Terisa: It felt exhilarating because it’s a global stage, people came from around the world to spend a few weeks together to talk about how are we going to get ourselves out of this climate devastation and what are our best solutions.. I am grateful for the times in which I can share work about the Pacific, about being Samoan. Something that maybe they didn’t have any knowledge of before. And I’m always thankful for those opportunities to share work in those ways… But there is this element of tokenization that happens often people want to hear your story… They for sure want to hear the tragic, traumatic parts of it so that they can feel something so that they can be stirred up with emotions in order to care and change and act. But then there’s this gross feeling to it sometimes too, where there’s this extraction… extracting people for their trauma, for their most devastating parts and not like seeing them as these whole human communities that deserve more.

Terisa: And so these climate convenings are interesting in those ways. I try to manage how much energy I give, to who and why… It’s like trying to heal the system within the system. I mean, we don’t even have to be at a global convening to feel that. I think that’s a daily thing for me, to ask what are people’s intentions? Am I clear on my own values? Am I aligned with them?

Pen: You mentioned value. How do you show your value as an artist in this line of work?

Terisa: There was a moment where I was in a Bay Area organizing space in which the facilitator was asking us, “like what our values were? And in asking us more importantly, like, do we know what our values are? and how do we know what they are? And she was asking us, like, Do you write them down? Do you review them? Do you adjust them? And I had to get real of myself around like, No, I don’t do a lot of those things. I think we in our head theoretically is like, Yeah, I have values. Of course I have them. Who do you think I am? But it’s like, how do I measure if I’m aligned with my values?… I think it’s a daily practice and I’m not an expert at it at all. Every day I’m trying to figure out how to do it better.

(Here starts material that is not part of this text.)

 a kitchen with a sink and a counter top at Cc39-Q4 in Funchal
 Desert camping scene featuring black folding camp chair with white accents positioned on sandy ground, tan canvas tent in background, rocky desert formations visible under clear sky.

Pen: Mannnn. I never write down my values, as much as a write. It’s like duh! I write everything else down: to do list, shopping list. Anything else is like targeted intention.

Terisa: now that we’re talking about it, I actually should revisit it because I haven’t looked at them in a while

Pen: I mean, it makes sense to revisit it now. Right? as you take on new journeys, right?

Terisa: right!

Pen: Do you ever think of yourself as a climate changer?

Terisa: Yeah, I do now! It took me a while to really own that I’m an environmentalist or I’m a climate change organizer because I had a perception of like, you had to care about this work in a particular way to deem yourself as a real and true climate changer… But then I realized, not only do I think that’s not true, we’re literally running out of time, so I don’t actually care. I’m just going to put my head down and do my work in this narrow lane that I know and trust that enough of us are in our own lanes with our own gifts trying our best to try everything!

Rightnowish is an arts and culture podcast produced at KQED. Listen to it wherever you get your podcasts or click the play button at the top of this page and subscribe to the show on NPR One, Spotify, Apple Podcasts, TuneIn, Stitcher or wherever you get your podcasts.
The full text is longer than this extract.